Task goal: Leave out the images and repeat every entry below exactly.

BEGIN Data

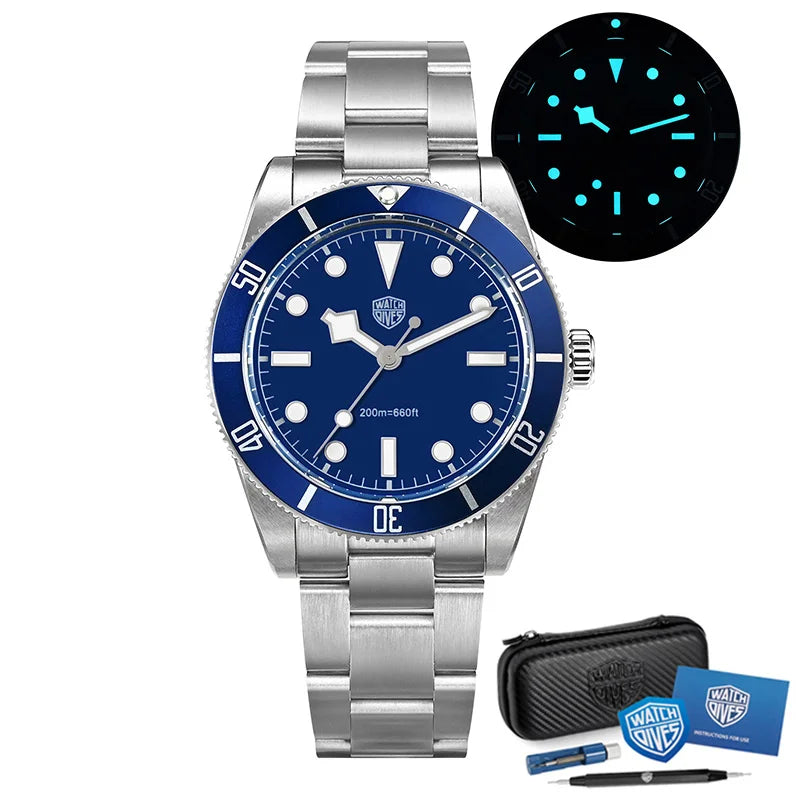 Watchdives WD7922 Quartz Watch Men VH31 Movement Sapphire Crystal 200m Waterproof Wristwatch Luminous 37mm Vintage BB54 Watches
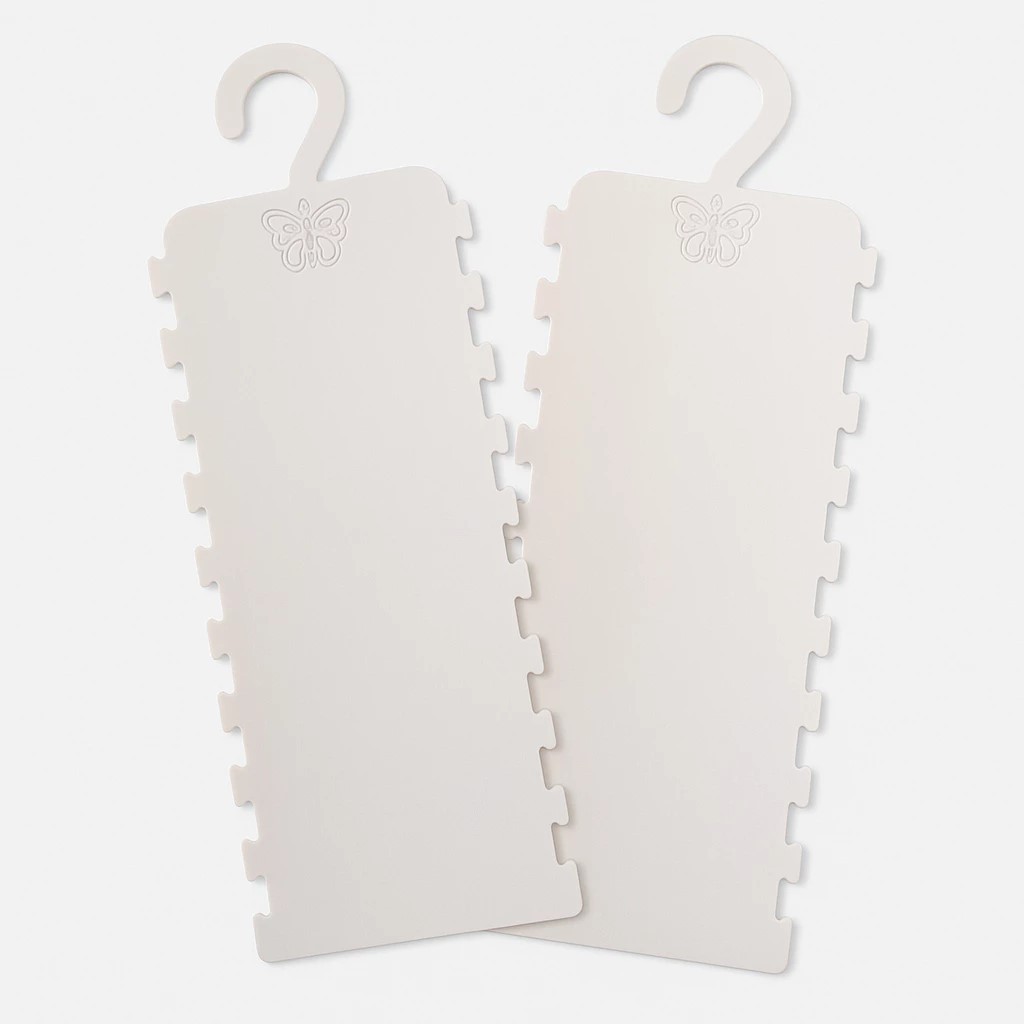 Kit 2 Cabides Porta Faixa Bebê MDF Branco 3mm Organizador Laços Tiaras Infantil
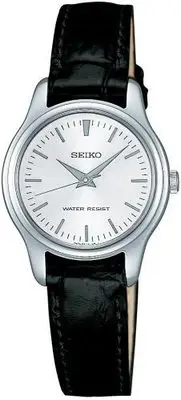 在飛比找Yahoo!奇摩拍賣優惠-SEIKO WATCH精工石英皮帶女錶-銀(SSXP001)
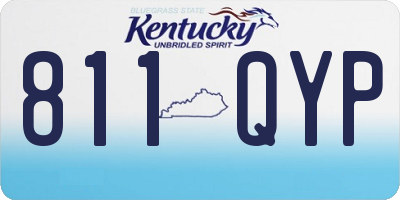 KY license plate 811QYP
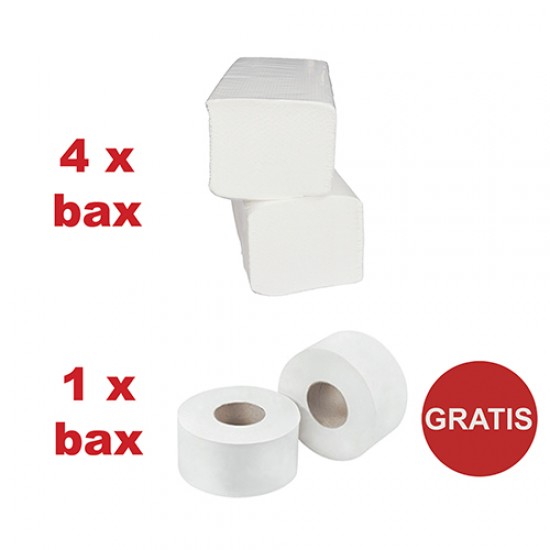 Pachet 4 baxuri Prosoape Hartie si Gratuit 1 bax Hartie Igienica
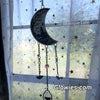 Witch Moon Glow in the dark Sun Catcher with Crystal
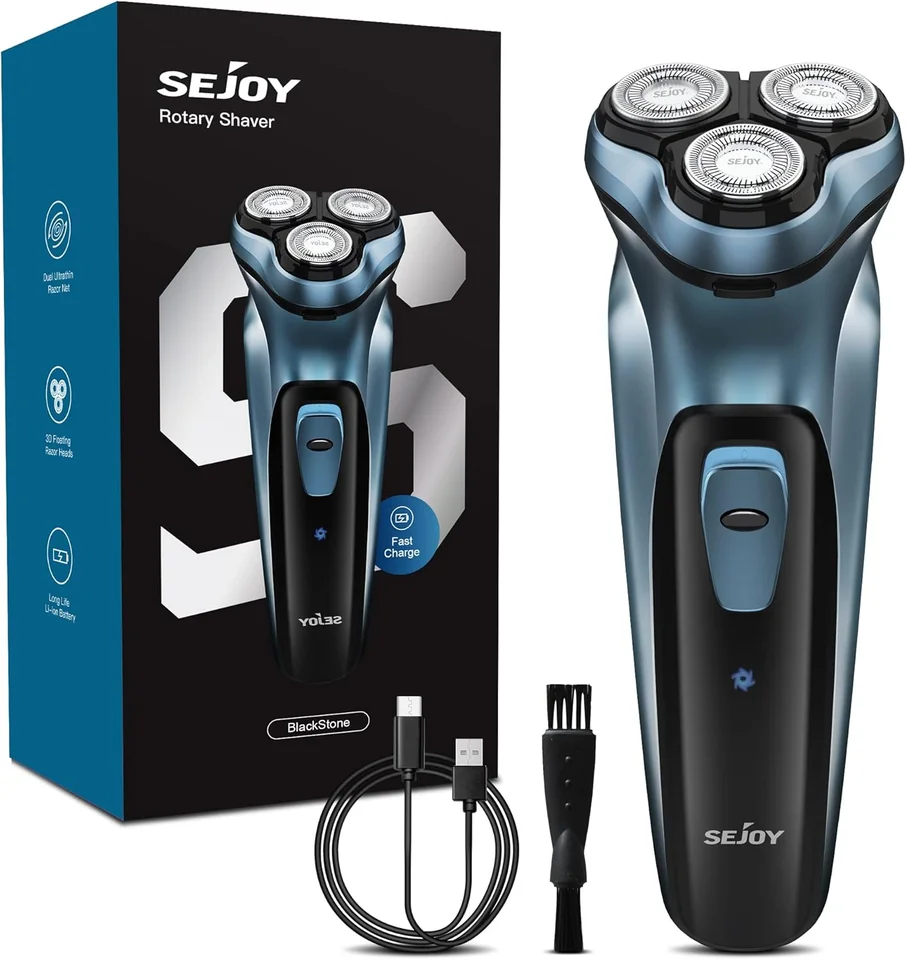 Sejoy Rechargeable Electric Razor for Men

END Data

Expected answer:
 Watchdives WD7922 Quartz Watch Men VH31 Movement Sapphire Crystal 200m Waterproof Wristwatch Luminous 37mm Vintage BB54 Watches
 Kit 2 Cabides Porta Faixa Bebê MDF Branco 3mm Organizador Laços Tiaras Infantil
 在飛比找Yahoo!奇摩拍賣優惠-SEIKO WATCH精工石英皮帶女錶-銀(SSXP001)
 KY license plate 811QYP
 Pachet 4 baxuri Prosoape Hartie si Gratuit 1 bax Hartie Igienica
 Witch Moon Glow in the dark Sun Catcher with Crystal
 Sejoy Rechargeable Electric Razor for Men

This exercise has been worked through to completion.